Any business with multiple branches — a restaurant chain, say, or a clothing retailer — is ultimately going to run a fairly lean IT operation, and likely will have more locations than IT staff, according to Daghan Altas, director of product management at Cisco Meraki. In that environment, where store managers serve as ad-hoc network administrators, how can businesses ensure that they deliver a strong wireless network experience? SD-WAN can help.
SD-WAN decouples the network and the control plane. As Altas noted during a session at CDW’s “Transforming the Customer Experience with Digital Modernization” summit in New Orleans, SD-WAN boils down to the “idea of using two circuits concurrently in a smart way,” meaning that a router, firewall, or another SD-WAN device “can essentially choose the best path for the best application.”
For example, voice calls and credit card transactions can go over multiprotocol label-switching while YouTube uses the broadband connection, he said. SD-WAN lets companies do that automatically, he said, “so that the IT people don’t even have to know it. They can set it and forget it.”
SD-WAN can deliver greater reliability, lower costs and more bandwidth — but only two of those three results at once, Altas noted. Businesses are starting to see the benefits of the technology, and the demand for SD-WAN is growing rapidly, with IDC forecasting that the SD-WAN market will grow to $6 billion by 2020. “It’s a transformational technology,” Altas said.
The Benefits of SD-WAN
With SD-WAN, businesses can set up wireless networks at branch locations that do not rely on a single connection.

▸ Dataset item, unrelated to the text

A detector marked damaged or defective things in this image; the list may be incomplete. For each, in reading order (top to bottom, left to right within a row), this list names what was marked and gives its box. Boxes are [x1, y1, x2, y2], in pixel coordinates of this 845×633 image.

Companies can have two; Altas noted that it’s like having both the Google Maps and Waze apps on a smartphone. For any given application on the network, SD-WAN lets businesses ask, what is the fastest way to get from point A to point B?
“If you’re not looking into SD-WAN, if you have lots of locations, you should,” he said. “It will give you reliability, it will give you cost savings, and it will give you more bandwidth. You get two out of three.”

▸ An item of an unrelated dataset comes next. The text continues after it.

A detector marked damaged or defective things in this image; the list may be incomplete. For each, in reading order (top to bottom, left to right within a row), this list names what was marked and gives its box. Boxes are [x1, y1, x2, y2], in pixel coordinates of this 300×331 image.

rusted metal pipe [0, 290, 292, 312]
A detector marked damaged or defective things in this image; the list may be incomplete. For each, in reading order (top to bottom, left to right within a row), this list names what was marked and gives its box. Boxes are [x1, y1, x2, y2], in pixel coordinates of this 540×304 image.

Businesses can get more reliability, lower costs or more bandwidth, so long as one of those three things is something the company is willing to give up, Altas explained. “If you put more circuits in, then obviously you are not going to get cost savings,” he said.
But by moving to a dual-broadband solution, for example, companies can save money and increase their network bandwidth, he added. However, the company is then taking a gamble on reliability by not having any MPLS solutions in the mix. “If I’m a retailer or hotel, I would take that risk,” he added. “But if I’m a bank, I might not.”
Improve the Customer Experience, and Bottom Line, with SD-WAN
Cisco Meraki’s cloud-based dashboard for its SD-WAN solution allows IT managers to look at the health of their networks and get heat maps for where and how much customers are using the network. “You can basically right-size your network based on Meraki using our dashboard,” Altas said. “But beyond that, you can actually get a lot of metrics” on where network traffic is spiking and where problem spots are emerging on the network.
Presence also matters a great deal in many business settings, whether it is a retailer or a doctor’s office with a waiting room where many people congregate, Altas said. “You’re going to want to have more bandwidth there, and you also want to understand why you’re having weird behaviors, like all of a sudden everybody is congregating in a different area.”
Users may adjust their behavior based on the network conditions they observe on their devices, he said, and may not go into certain parts of a location because they do not get reliable connectivity there.
“That’s the kind of thing you can track and remediate with the Meraki solution,” Altas said.
All of Meraki’s SD-WAN access points have Bluetooth Low Energy beacons built in, allowing the company to track users and give the company anonymized data on where they are, how many times they go on the network and the frequency of their connections. That kind of data can be helpful for loyalty programs, and also allows companies to deliver personalized, relevant special offers.
IT leaders buy these solutions, but marketing teams can realize the benefits, Altas said. The data can be used to create more engaging splash pages for customized websites or portals to draw more customers, or used in A-B testing for marketing promotions.
SD-WAN also enables businesses to deliver more personalized offers to customers. Ford uses Meraki in its car dealerships, Altas noted. The company has 3,400 dealerships nationwide. “Just imagine what insightful information it is to marketing to know that if you run a specific campaign, people walk into the actual dealership versus just staying in the parking lot,” he said. “That’s the kind of insight you can get from the network.”